How has hematology changed since your experience caring for that patient?
That was in 1985, when we had no clue about the genetic basis for diseases like myeloid leukemias or myelodysplastic syndrome. We could see translocations through cytogenetics, but we did not know whether those translocations were causal or what genes were involved in them. This also was more than a decade before the first version of the human genome sequence was released.
Today, of course, we have a near-complete catalog of every single mutation that contributes to the development of leukemia. For me, it’s exciting to have come from a time when we didn’t know the identity of a single gene that caused acute leukemia, to today, when we know what those genes are, how they function, and how we can target those genes and reactivate the immune system.
We’re able to help patients in new ways. We can take the progress that has been made about the genetics and molecular biology of the cancer itself – how the tumors are able to suppress the immune system and how we can override that to the benefit of patients – and translate those into clinically meaningful advances for our patients.
And, though I’m a bit more removed from the clinical frontlines than I used to be, part of the joy of being in hematology today is hearing from patients whose disease – which they were told was fatal – is responding well to the treatment they’re receiving at our center. When patients or their family members stop by my office to say thank you, it puts a lot of sunshine into any day, which counts for a lot in Seattle.

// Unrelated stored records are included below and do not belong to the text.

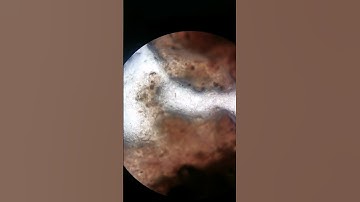 Shrimp paste under the microscope #laboratory #microscope #shrimppaste #bagoong #shrimp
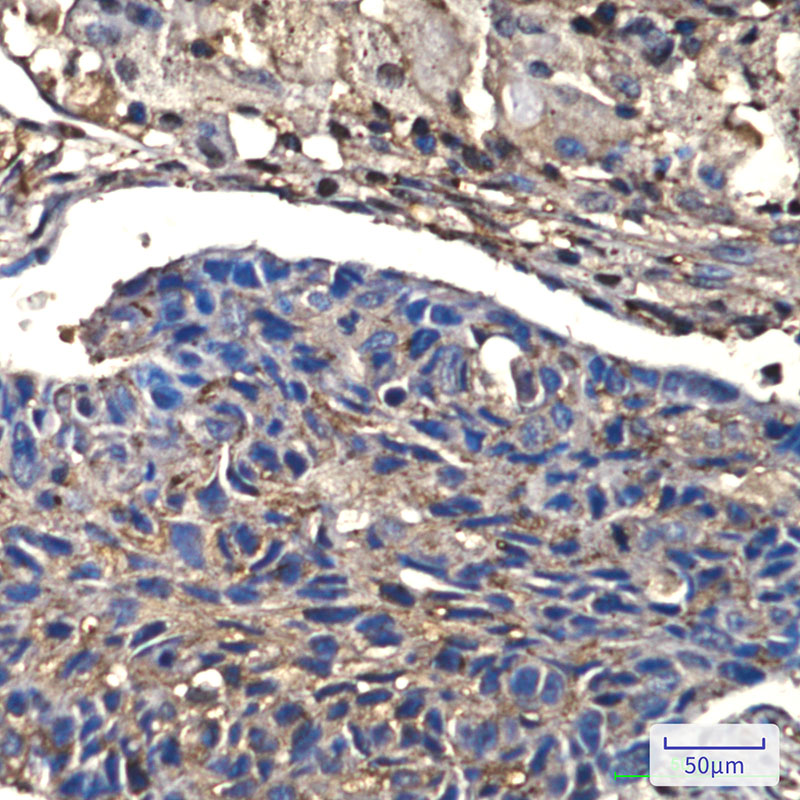 Anti-Cofilin Rabbit mAb [82K53L72]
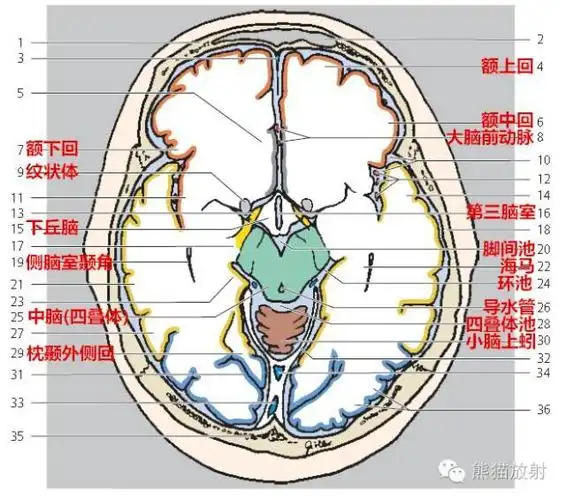 解剖入门颅脑ct断层中英文对照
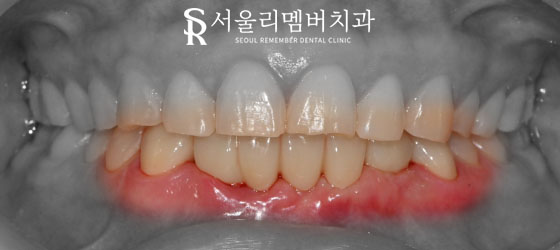 서울대입구역치과 에서 아래 앞니 5개를 임플란트 2개만으로 자연스럽게 회복 관련 이미지 8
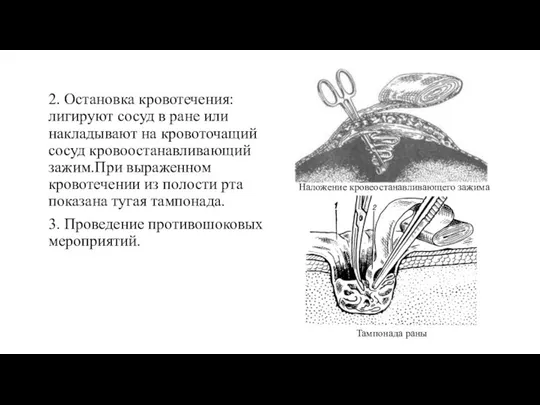 2. Остановка кровотечения: лигируют сосуд в ране или накладывают на кровоточащий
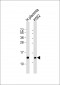 HBE1 Antibody(Center)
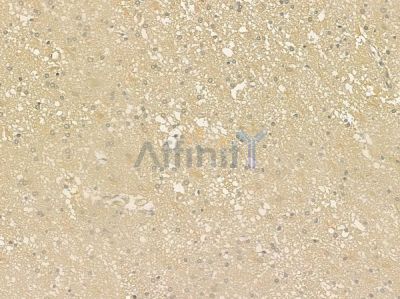 GGA2 Antibody - DF6320 at 1/100 staining human pituitary adenoma by IHC-P.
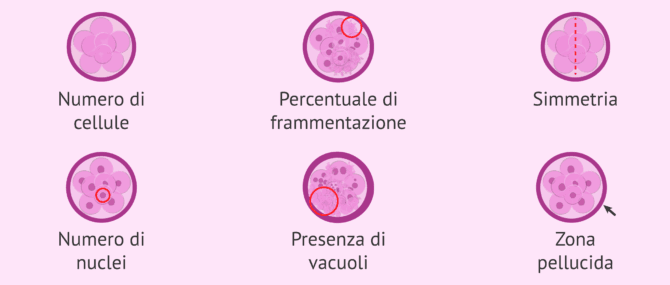 Imagen: Parametri per valutare la qualità embrionale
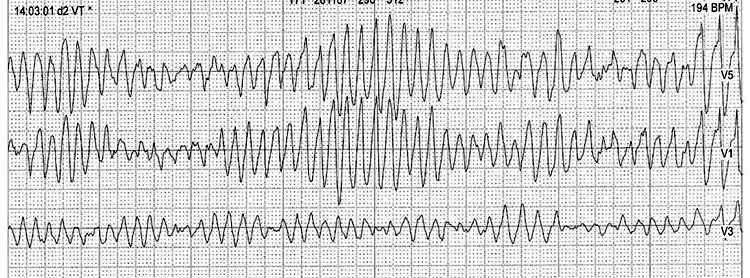 Częstoskurcz z niemiarowymi szerokimi zespołami QRS Torsade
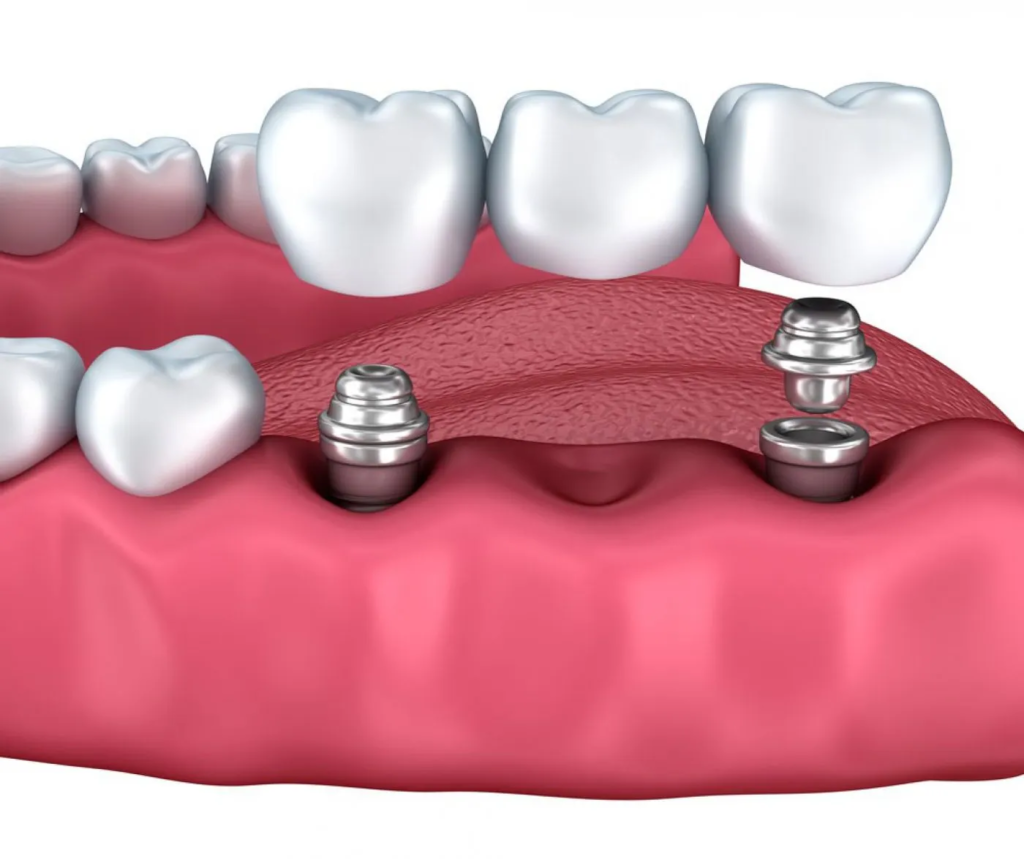 Dental Implants for Seniors Is It Too Late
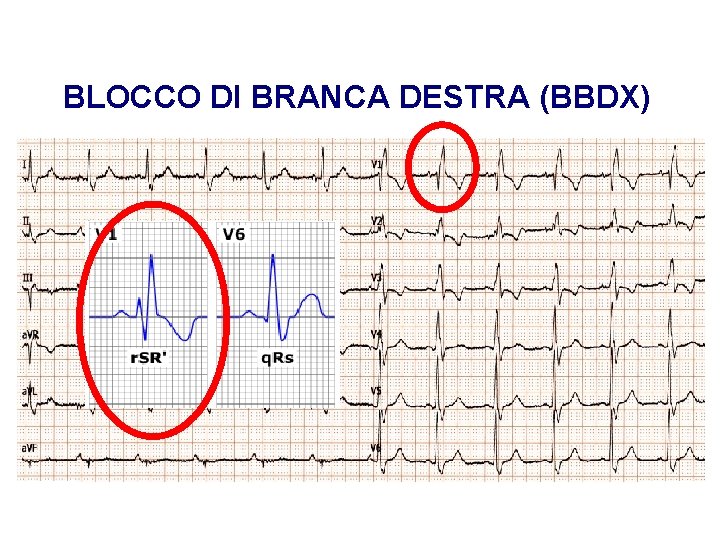 Advanced Cardiac Life Support Gruppo RCP ANMCO - ITO AHA BLOCCO DI BRANCA DESTRA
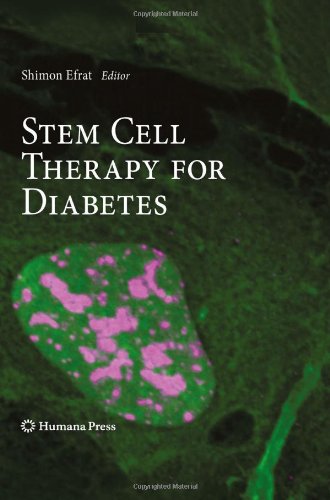 Stem Cell Therapy for Diabetes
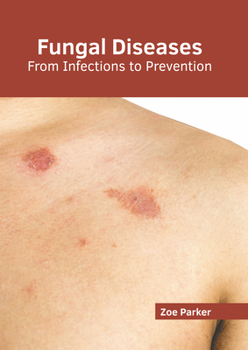 Hardcover Fungal Diseases: From Infections to Prevention Book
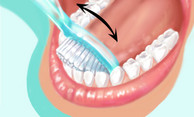 Richtig Zähneputzen bei Mundgeruch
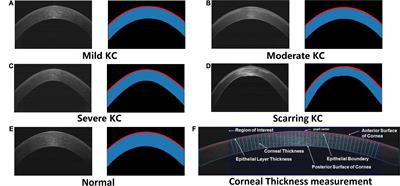 Dissecting the Profile of Corneal Thickness With Keratoconus Progression Based on Anterior Segment Optical Coherence Tomography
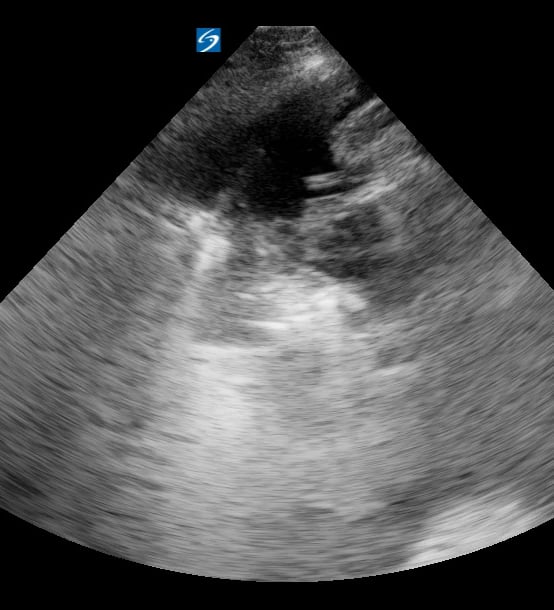 Malignant Pleural Effusion1 - Video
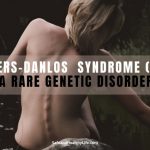 EHLERS-DANLOS  SYNDROME (EDS): A Rare Genetic Disorder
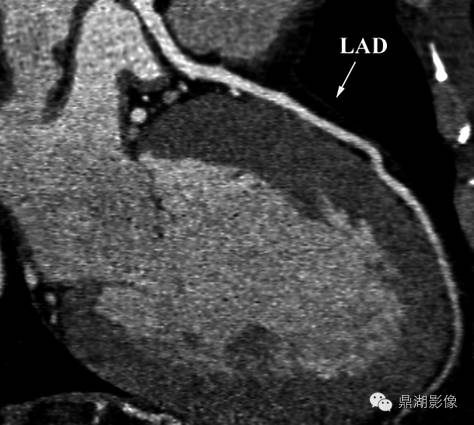 一篇文章解决冠脉CTA，赶紧收藏！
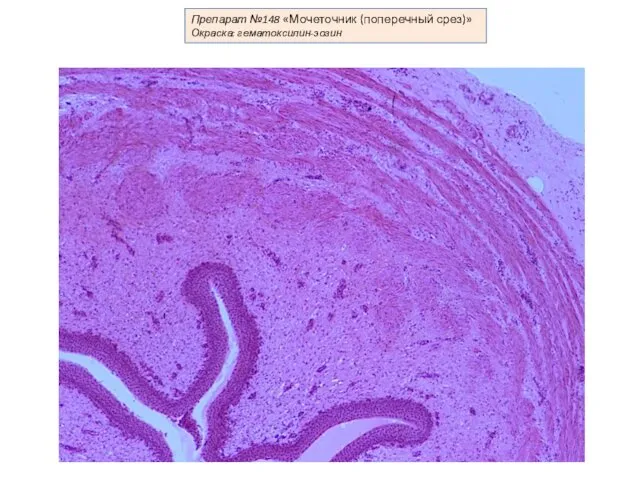 Препарат №148 «Мочеточник (поперечный срез)» Окраска: гематоксилин-эозин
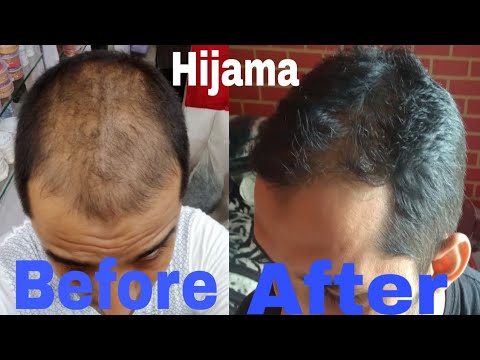 Hair fall Baldness Ganjapan(बालों का टूटना) treatment by hijama cupping  therapy 7017194019 دیدئو dideo
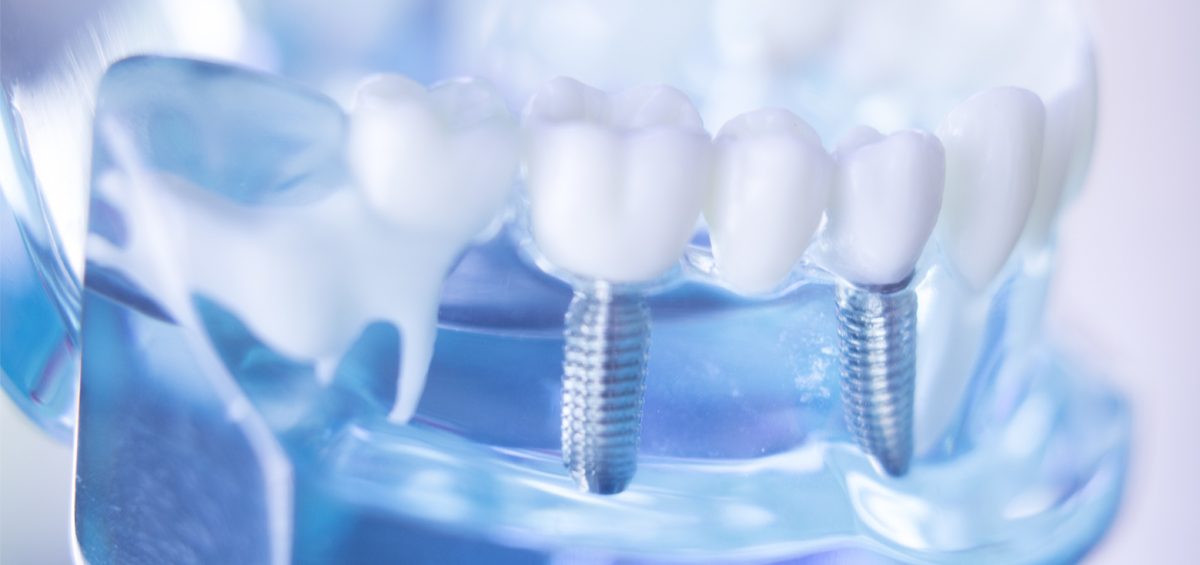 Implantes dentales inmediatos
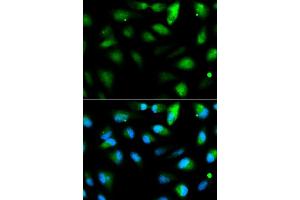 Immunofluorescence analysis of HeLa cell using F11R antibody. (F11R anticorps  (AA 30-238))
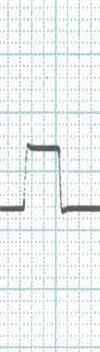 Alcune notizie preliminari L ECG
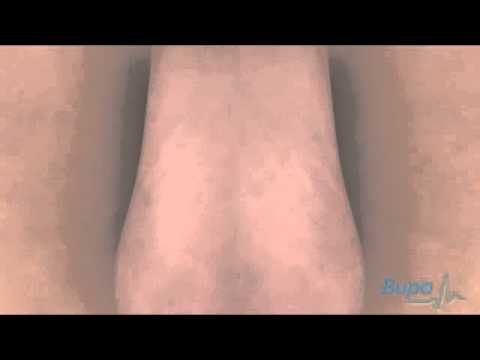 Vasectomy Surgey - Reversing the Surgery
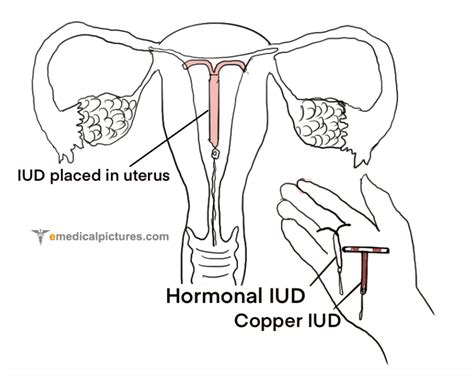 Iud Intrauterine Device Diagram And Images Medical Pictures And Images Updated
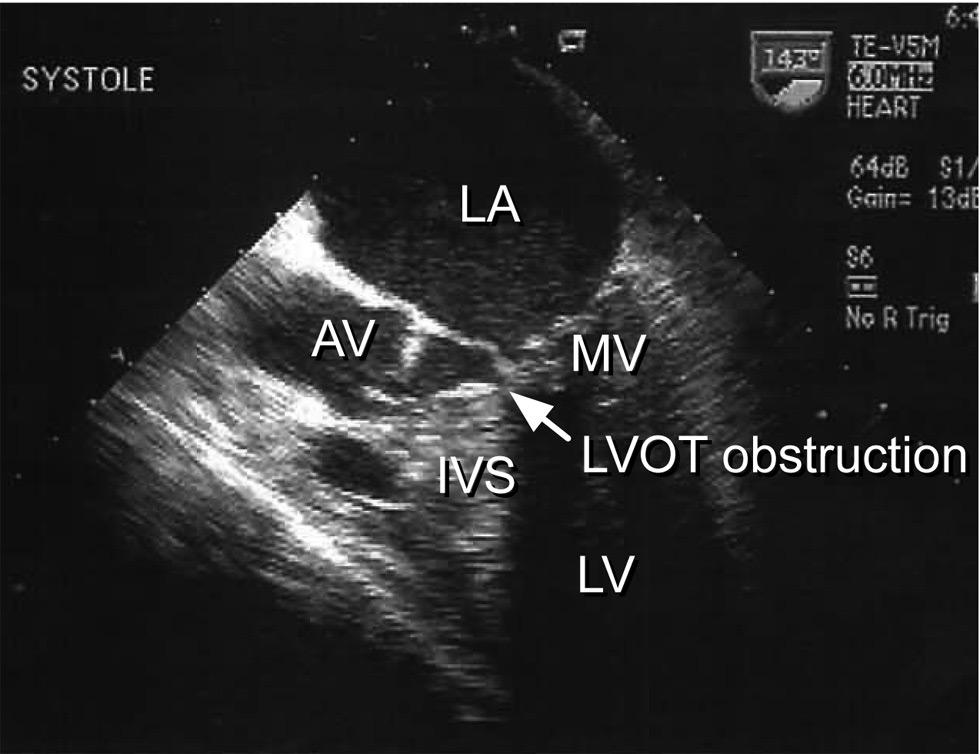 LV, left ventricle; LA, left atrium; MV, mitral valve; AV, aortic valve; LVOT, left ventricular outflow tract; IVS, interventricular septum.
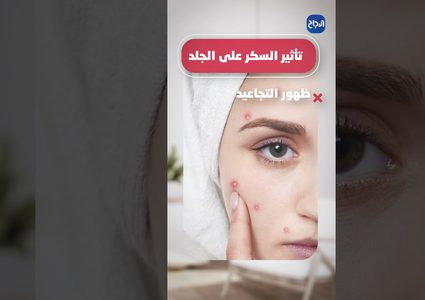 ح 5 صحتك في دقيقة - السكر وأضراره لجسم الإنسان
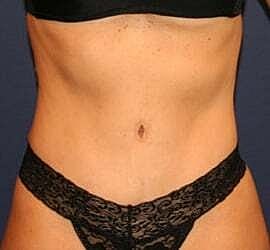 Tummy Tuck Before & After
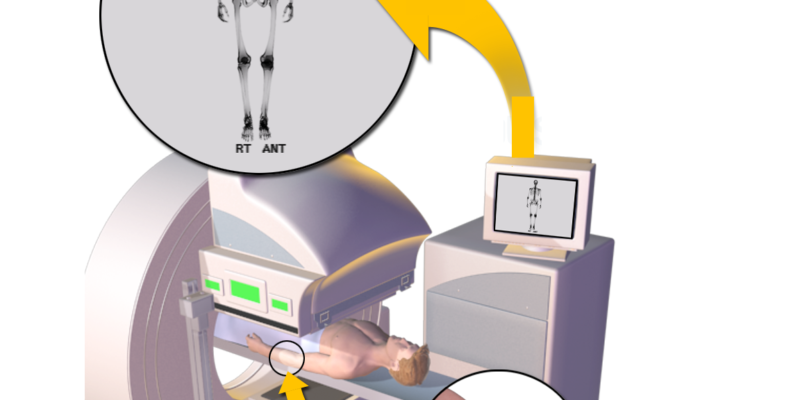 The Impact of 3D Animation on Medical Device Design and Prototyping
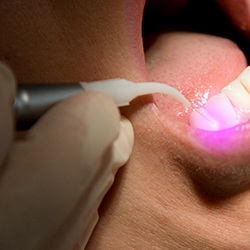 Patients receiving laser dental care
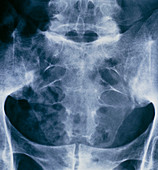 X-ray of pelvis and sacral spine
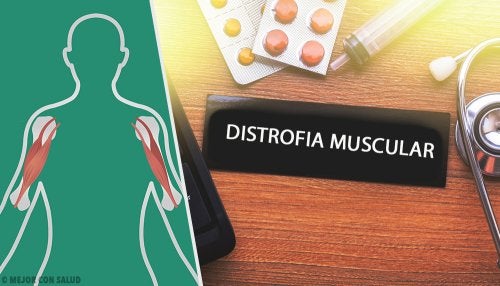 Distrofia muscular de Duchenne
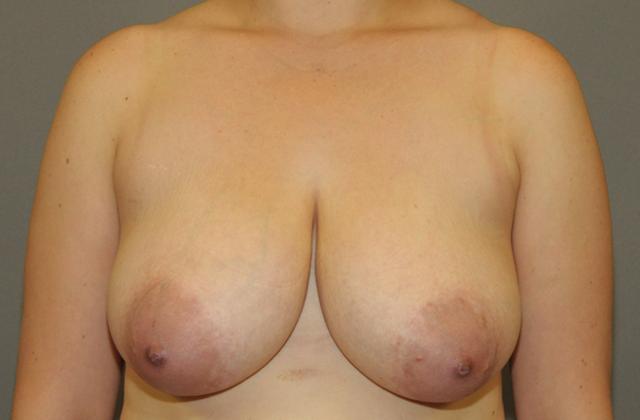 Breast Reduction before at Scottsdale Plastic Surgery in Scottsdale, AZ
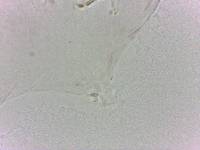 Doryphoribius evelinae image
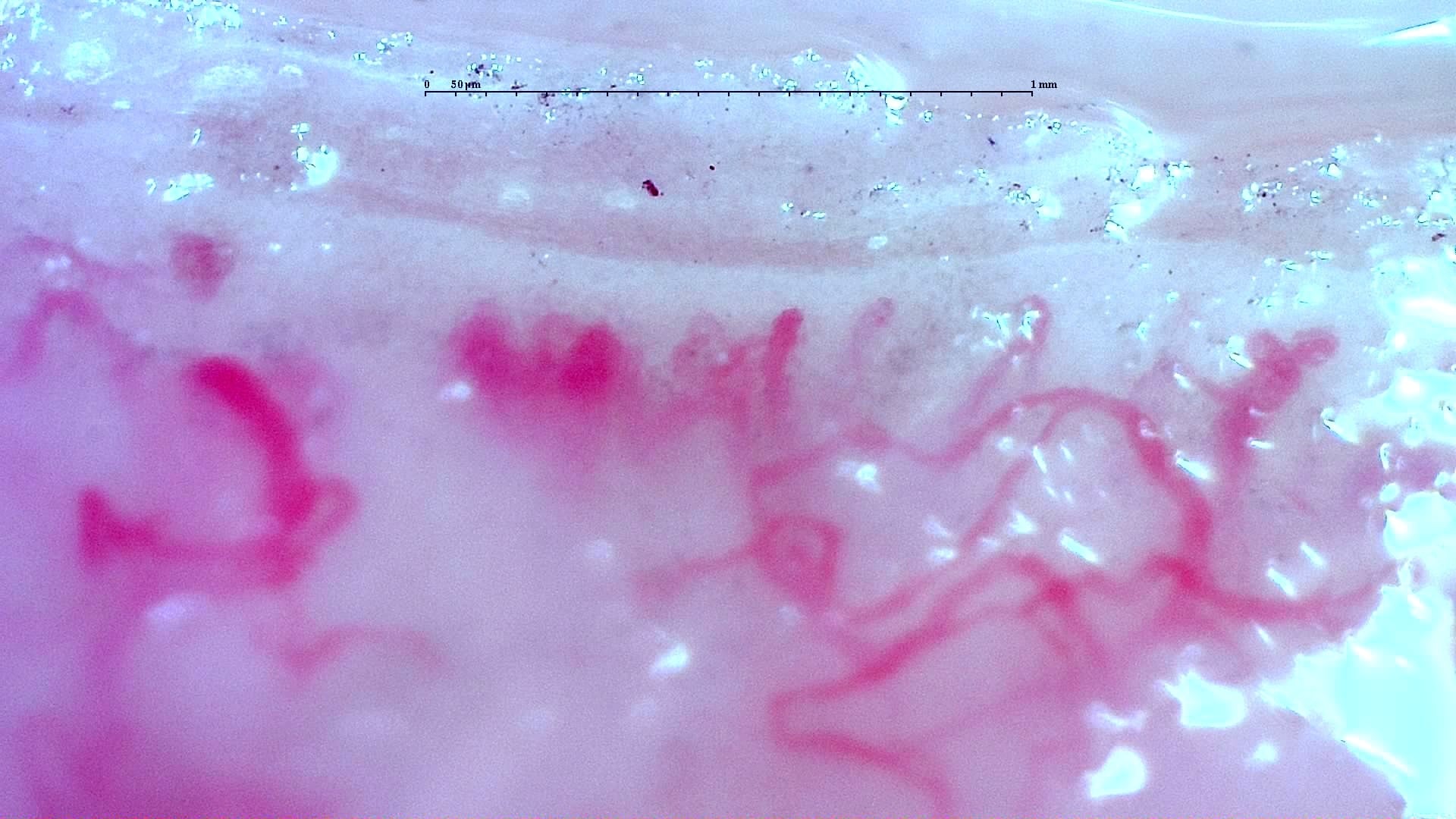 Nailfold capillaroscopy: left index finger, field c. Anti-TIF1γ Dermatomyositis with Scleroderma-Like Pattern.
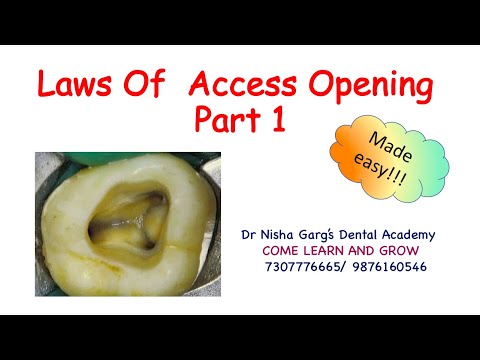 Laws Of Access Cavity Preparation - Part 1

Now that the opportunity is there, what do you think are the barriers to bringing these curative approaches to patients?
There are a broad range of challenges for us. One, of course, is the complexity of the science. We need a deep understanding of the DNA sequence, the expressed gene products, and the epigenetic changes that happen in cancer. We are generating massive datasets; now we need to develop the analytic tools to integrate terabytes of data with clinical patient information to understand how the data and the sequence relate to each other.
Funding issues are a serious concern, as well. I spend more time than I’d like working with our legislators on this issue. Generally, we enjoy wonderful bipartisan support on medical research funding. However, when ill-advised policymakers suggest that we should be cutting the NIH budget by 18 percent at a time when we are at an inflection point in developing curative approaches to cancer, that is a travesty – and, in my opinion, unconscionable.
Policymakers appear to be attacking the finance of administration rates and the real costs of doing research. Recently, I testified before the House Appropriations Committee on what the indirect cost rates are, their importance, and why we can’t cut them. We will ultimately get to the point where we are curing cancer, but cutting funding means we will get there slower. There are people who died from cancer while I was testifying on the Hill; that’s the sense of urgency that we need to feel going forward.
There also is a bit of a mental obstacle to overcome among hematologists who have been in the field for a long time. We have been stuck in the frame of mind that, based on everything we have witnessed in clinical practice, once a patient’s cancer become metastatic, it can’t be cured. We use the euphemism, “We can treat your cancer†– the implication being that we can’t cure it. But, today, we can say that there are curative approaches for some of our patients.